What this means in practice

We’re not trying to build the next unicorn. If you’ve met us, you already know that. Cockroach, not unicorn. Small, resilient, hard to kill.

We’re building focused tools that solve specific problems well. Not platforms. Not ecosystems. Tools.

We own the full stack; from idea through to production, support, and iteration. No handoffs. No “here’s your deliverable, good luck.” We don’t need 50 people for this. We need a tight team that ships fast and talks to users. The agency world teaches you to spec everything upfront. Products reward the opposite; get something in front of people and learn.

What the agency years taught us

When someone is paying you by the hour, you don’t get to endlessly refactor or chase architectural perfection. You ship on time. Full stop.

Construction has always been our heartland; conx.co came out of years spent deep in that industry, and we’ve built estimating, takeoff, and project management tools for the sector longer than anything else. But the agency model pulled us across a dozen other domains too: care management software at ShiftCare, marketplace features at Camplify, digital publishing systems for Universal Magazines, industrial media platforms for Westwick-Farrow. Aged care, outdoor hospitality, consumer publishing, B2B trade media - each with its own domain language, regulatory landscape, and definition of “good enough.” You learn to spot a bad abstraction from a mile away, and you learn that most problems are the same problem wearing a different hat; but the hat matters more than engineers like to admit.

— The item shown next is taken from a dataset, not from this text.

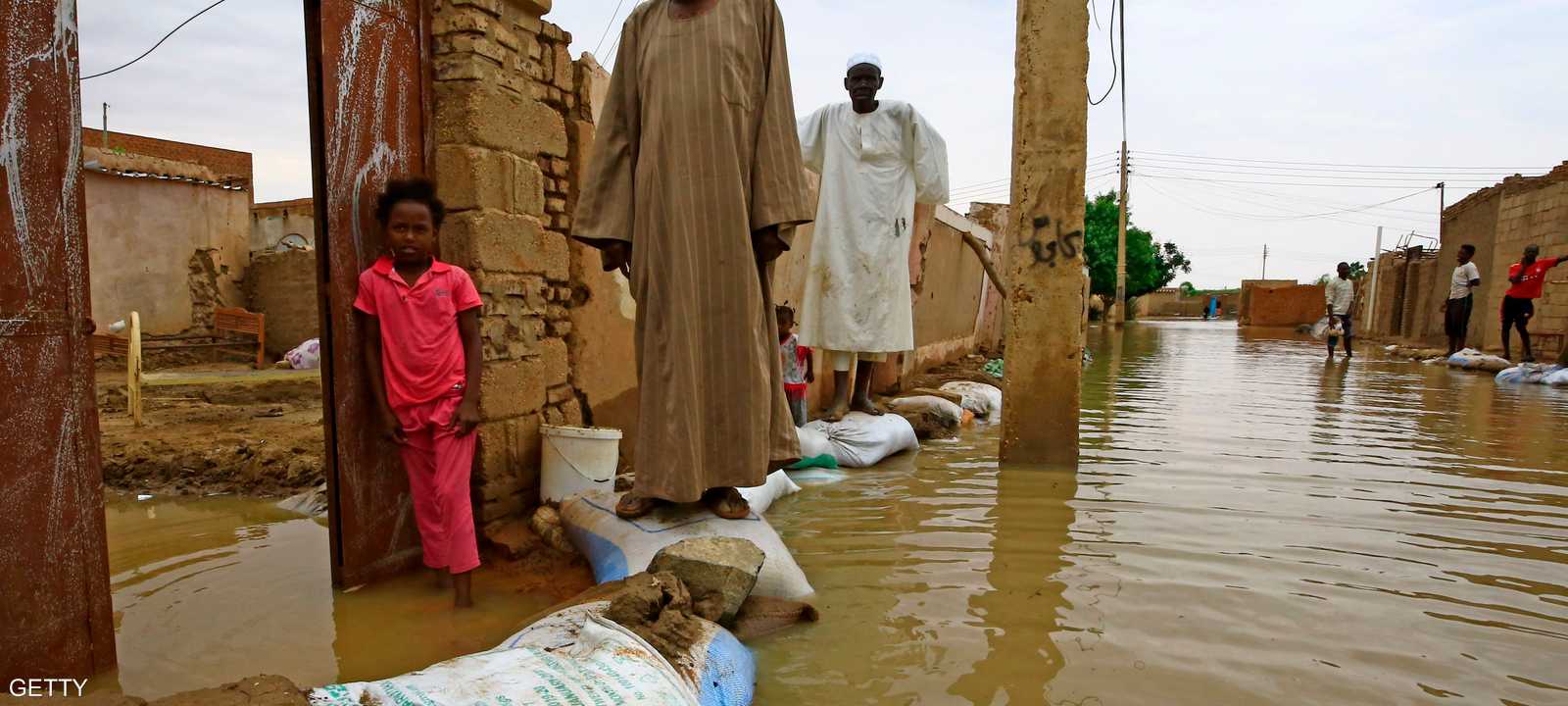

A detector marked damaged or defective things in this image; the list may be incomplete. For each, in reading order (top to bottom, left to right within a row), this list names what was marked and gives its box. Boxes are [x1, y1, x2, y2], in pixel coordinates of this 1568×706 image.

rusted metal door [0, 0, 117, 681]
rusted metal door [306, 0, 435, 583]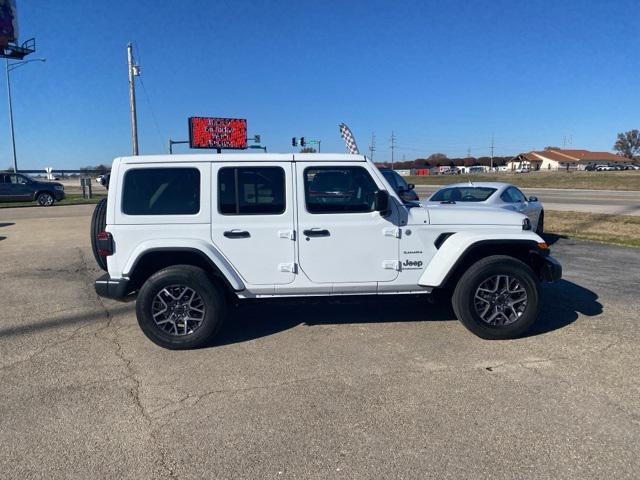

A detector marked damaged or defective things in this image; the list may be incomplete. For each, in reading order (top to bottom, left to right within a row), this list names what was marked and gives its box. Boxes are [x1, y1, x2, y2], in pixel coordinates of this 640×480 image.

The agency also forced us to sell. Engineers love to believe that great products sell themselves. They don’t. You have to figure out what people actually need (not what they say they need) and explain why they should pay for it. That stuff doesn’t go away just because you’re building your own thing.

Client deadlines, scope creep, production outages at 2am for software you didn’t architect. We know what kind of team we are because we’ve been through it.

The agency model has one massive advantage: predictable revenue. Someone signs a contract, you do the work, you get paid. Products don’t work like that. You build something, put it out there, and hope people care enough to pay for it.

We’re walking away from a proven revenue model to bet on ourselves. Honestly, it’s mostly terrifying. But the alternative is another thirteen years of selling time, and we’ve done that.

We’ll be writing more about what we’re building and what we learn along the way. That’s always been the promise of this blog, even when we were too busy with client work to keep it.

If you’ve worked with us as a client over the years; thank you. Genuinely. You gave us the runway to get here.